研究内容
電子スピン共鳴法による光触媒反応機構の解明
電子スピン共鳴(ESR)法は不対電子を検出することができるため、光照射下における電荷の移動機構を調べることができます。たとえば、3価のFeの酸化物クラスターを担持させた酸化チタンは可視光照射下で光触媒活性を示すことが報告されています。この光触媒をESR法によって光照射下の電荷移動を調べてみました。下の左図は3価のFeイオンのESRシグナルです。このシグナルは光照射によって強度が小さくなりました。また、下の真ん中の図に酸化チタン上に生成させる電子と正孔のESRシグナルを示します。Feの酸化物クラスターを担持させた酸化チタンでは、多くの正孔が生成されていることがわかります。これらのことから、光照射によって酸化チタンの価電子帯から担持された3価のFeイオンに電子が励起されていることがわかりました(下の右図)。このように、ESR法は光触媒反応機構を調べる上で有用であり、様々な光触媒の反応機構の解明を進めています。
光による水分解に向けた光触媒の開発
太陽光によって水を分解し水素を得る技術は、エネルギー問題を解決するうえで非常に魅力的です。
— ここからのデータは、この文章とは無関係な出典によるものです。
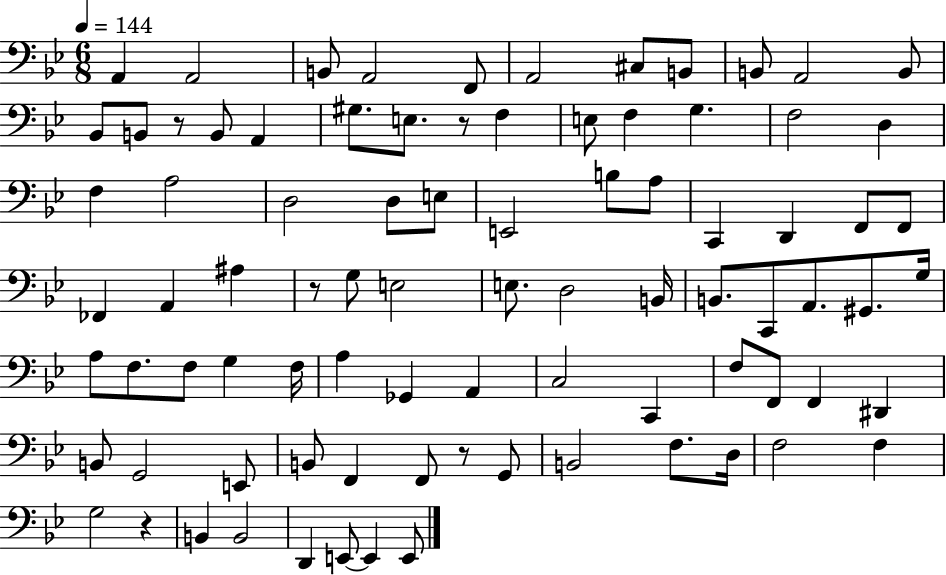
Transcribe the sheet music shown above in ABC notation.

X:1
T:Untitled
M:6/8
L:1/4
K:Bb
A,, A,,2 B,,/2 A,,2 F,,/2 A,,2 ^C,/2 B,,/2 B,,/2 A,,2 B,,/2 _B,,/2 B,,/2 z/2 B,,/2 A,, ^G,/2 E,/2 z/2 F, E,/2 F, G, F,2 D, F, A,2 D,2 D,/2 E,/2 E,,2 B,/2 A,/2 C,, D,, F,,/2 F,,/2 _F,, A,, ^A, z/2 G,/2 E,2 E,/2 D,2 B,,/4 B,,/2 C,,/2 A,,/2 ^G,,/2 G,/4 A,/2 F,/2 F,/2 G, F,/4 A, _G,, A,, C,2 C,, F,/2 F,,/2 F,, ^D,, B,,/2 G,,2 E,,/2 B,,/2 F,, F,,/2 z/2 G,,/2 B,,2 F,/2 D,/4 F,2 F, G,2 z B,, B,,2 D,, E,,/2 E,, E,,/2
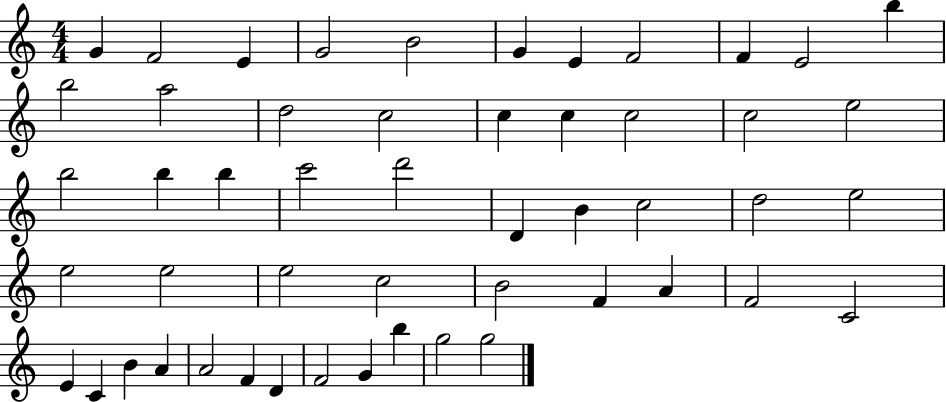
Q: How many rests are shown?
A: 0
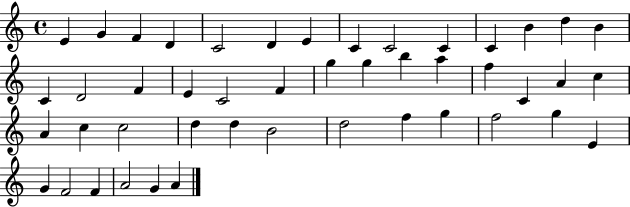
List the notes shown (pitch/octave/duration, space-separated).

E4/q G4/q F4/q D4/q C4/h D4/q E4/q C4/q C4/h C4/q C4/q B4/q D5/q B4/q C4/q D4/h F4/q E4/q C4/h F4/q G5/q G5/q B5/q A5/q F5/q C4/q A4/q C5/q A4/q C5/q C5/h D5/q D5/q B4/h D5/h F5/q G5/q F5/h G5/q E4/q G4/q F4/h F4/q A4/h G4/q A4/q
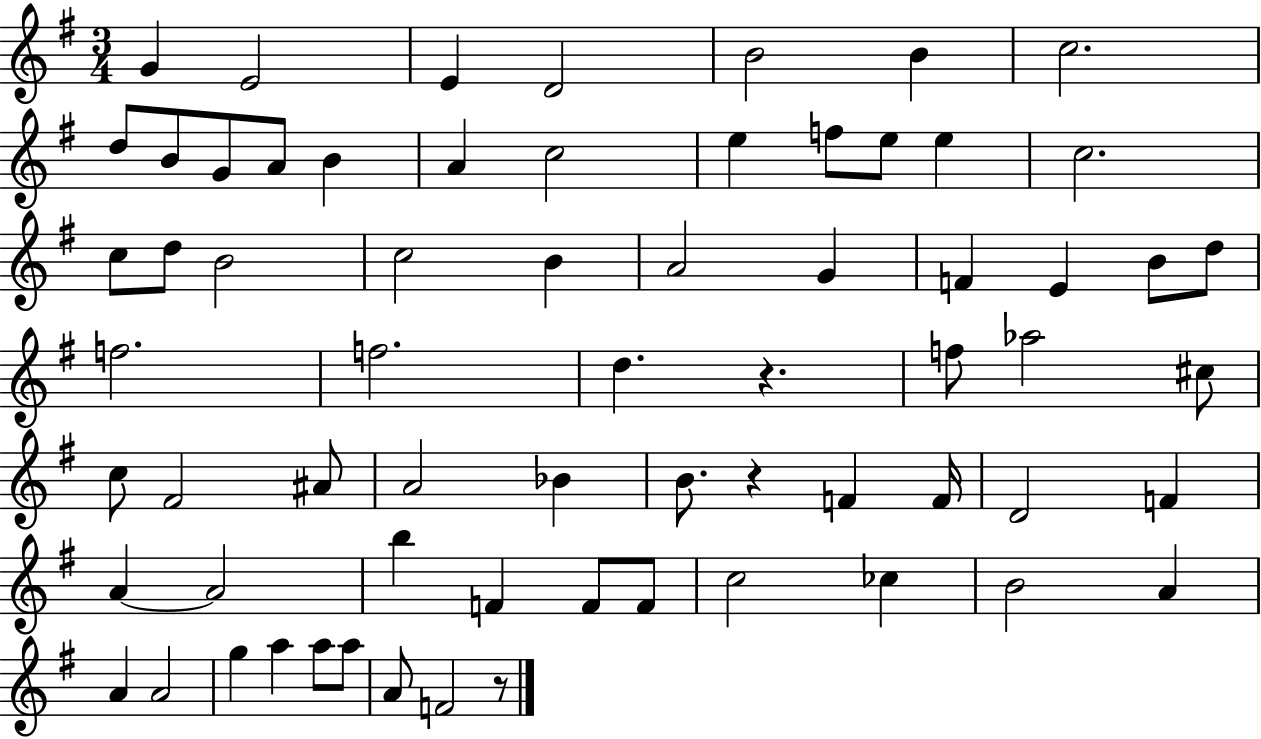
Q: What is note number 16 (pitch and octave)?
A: F5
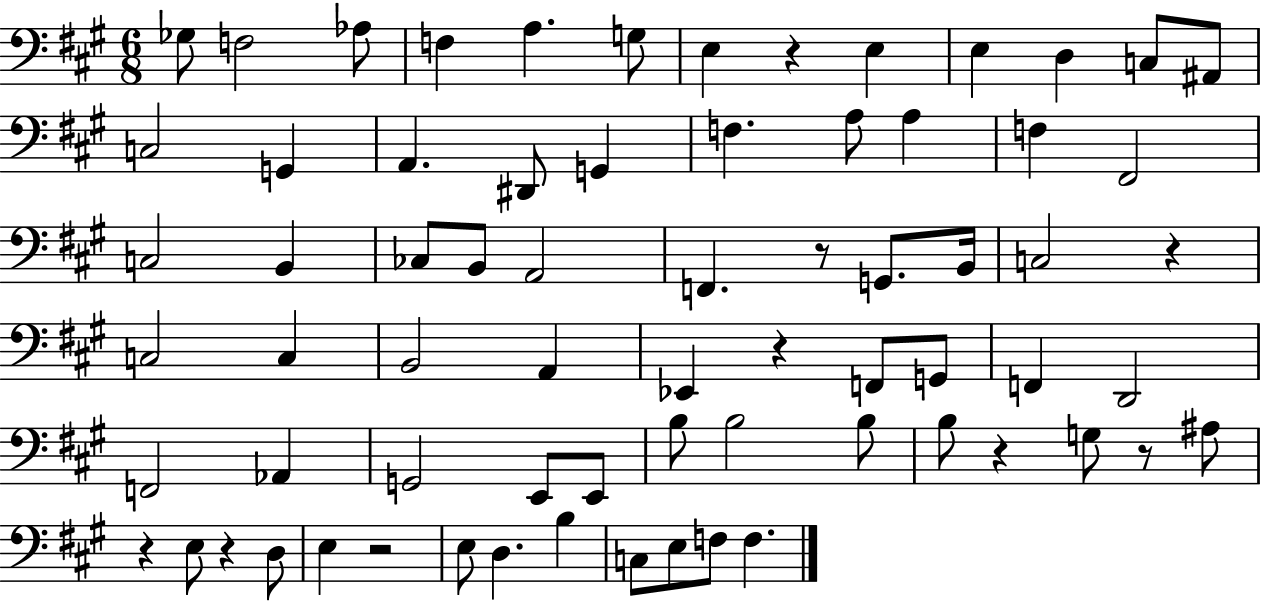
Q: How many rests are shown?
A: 9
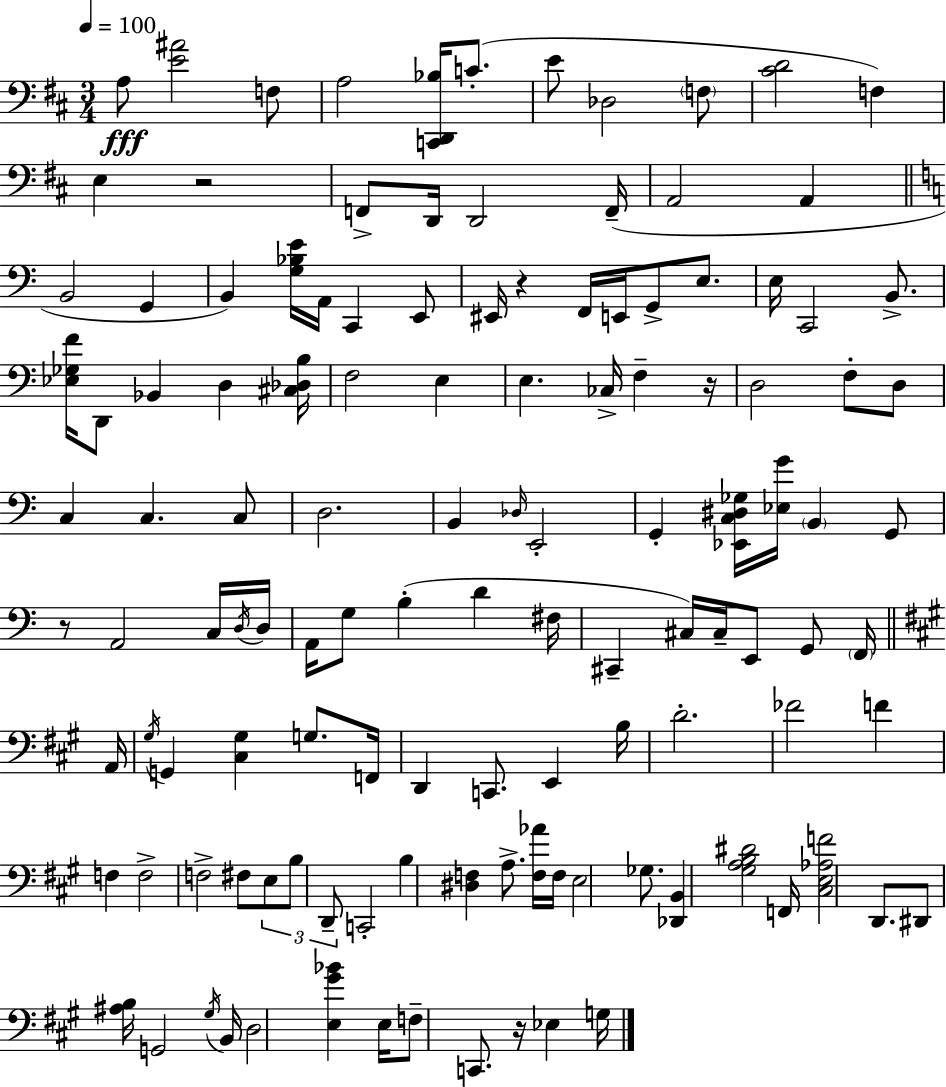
X:1
T:Untitled
M:3/4
L:1/4
K:D
A,/2 [E^A]2 F,/2 A,2 [C,,D,,_B,]/4 C/2 E/2 _D,2 F,/2 [^CD]2 F, E, z2 F,,/2 D,,/4 D,,2 F,,/4 A,,2 A,, B,,2 G,, B,, [G,_B,E]/4 A,,/4 C,, E,,/2 ^E,,/4 z F,,/4 E,,/4 G,,/2 E,/2 E,/4 C,,2 B,,/2 [_E,_G,F]/4 D,,/2 _B,, D, [^C,_D,B,]/4 F,2 E, E, _C,/4 F, z/4 D,2 F,/2 D,/2 C, C, C,/2 D,2 B,, _D,/4 E,,2 G,, [_E,,C,^D,_G,]/4 [_E,G]/4 B,, G,,/2 z/2 A,,2 C,/4 D,/4 D,/4 A,,/4 G,/2 B, D ^F,/4 ^C,, ^C,/4 ^C,/4 E,,/2 G,,/2 F,,/4 A,,/4 ^G,/4 G,, [^C,^G,] G,/2 F,,/4 D,, C,,/2 E,, B,/4 D2 _F2 F F, F,2 F,2 ^F,/2 E,/2 B,/2 D,,/2 C,,2 B, [^D,F,] A,/2 [F,_A]/4 F,/4 E,2 _G,/2 [_D,,B,,] [^G,A,B,^D]2 F,,/4 [^C,E,_A,F]2 D,,/2 ^D,,/2 [^A,B,]/4 G,,2 ^G,/4 B,,/4 D,2 [E,^G_B] E,/4 F,/2 C,,/2 z/4 _E, G,/4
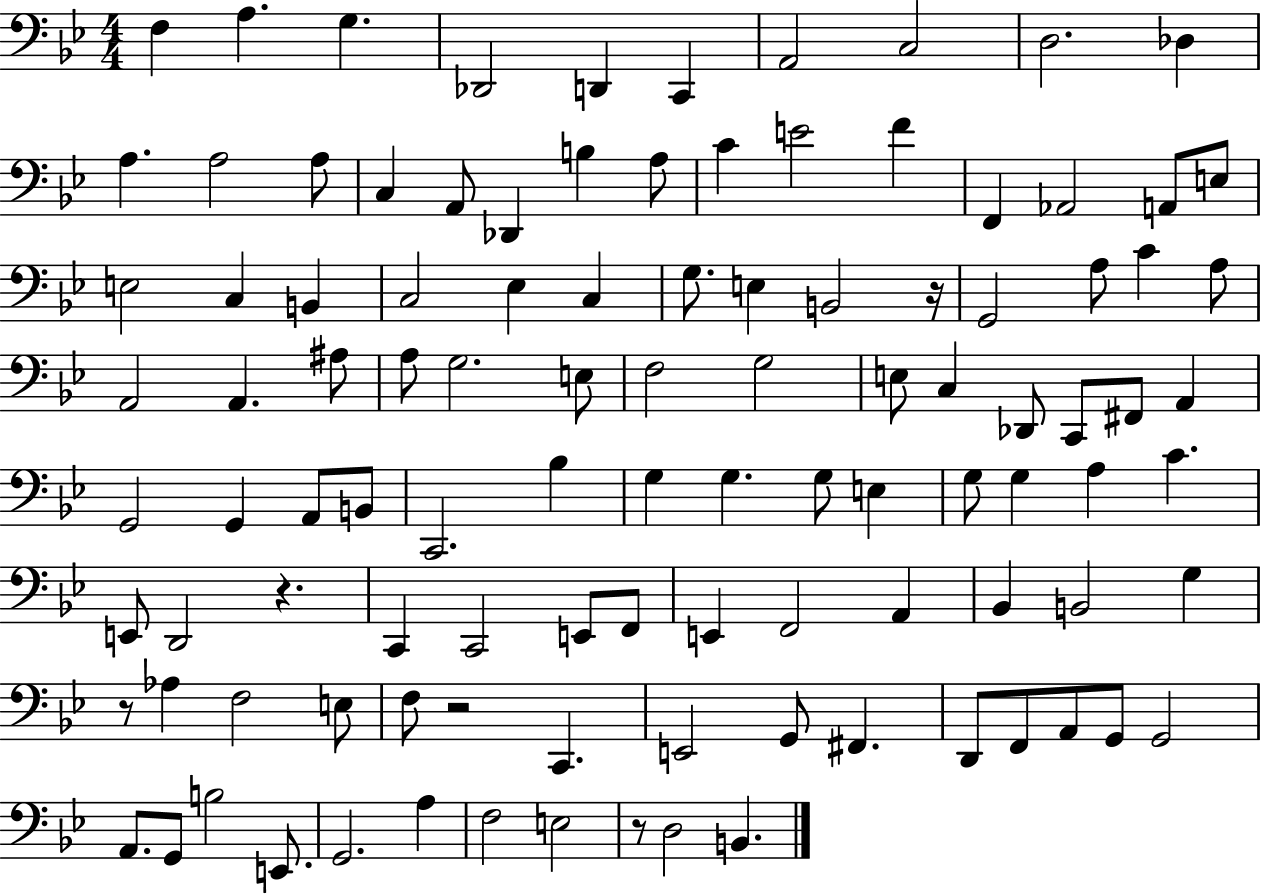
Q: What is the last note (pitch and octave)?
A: B2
そのためには、可視光に対して高い量子効率を示す光触媒が不可欠です。しかし、可視光に応答する光触媒はそのバンドギャップが小さいため、単体で水を水素と酸素に完全分解することは難しくなります。この困難を解決するためには、2種類の光触媒を複合化させることが有効と報告されています。そこで、水の完全分解を実現する複合光触媒の探索を行っています。下の左図は、可視光に応答するBiVO4とCuBi2O4を複合化させたときの可視光照射下における気相アセトアルデヒドの分解活性を示します。単体のBiVO4とCuBi2O4では光触媒活性は小さいですが、複合化させると光触媒活性が向上しました。また、BiVO4に正孔補足材である助触媒を担持し、CuBi2O4に電子捕捉材であるCu酸化物クラスターを担持させた後に、これらを複合化させると極めて光触媒活性が向上することがわかりました。これは、下の右図に示していますように、BiVO4の伝導帯に励起された電子とCuBi2O4の価電子帯の正孔が効率よく反応するためと考えられます。また、この系において水分解活性を調べたところ、水素の生成が確認されました。今後はさらに高効率化を図っていきます。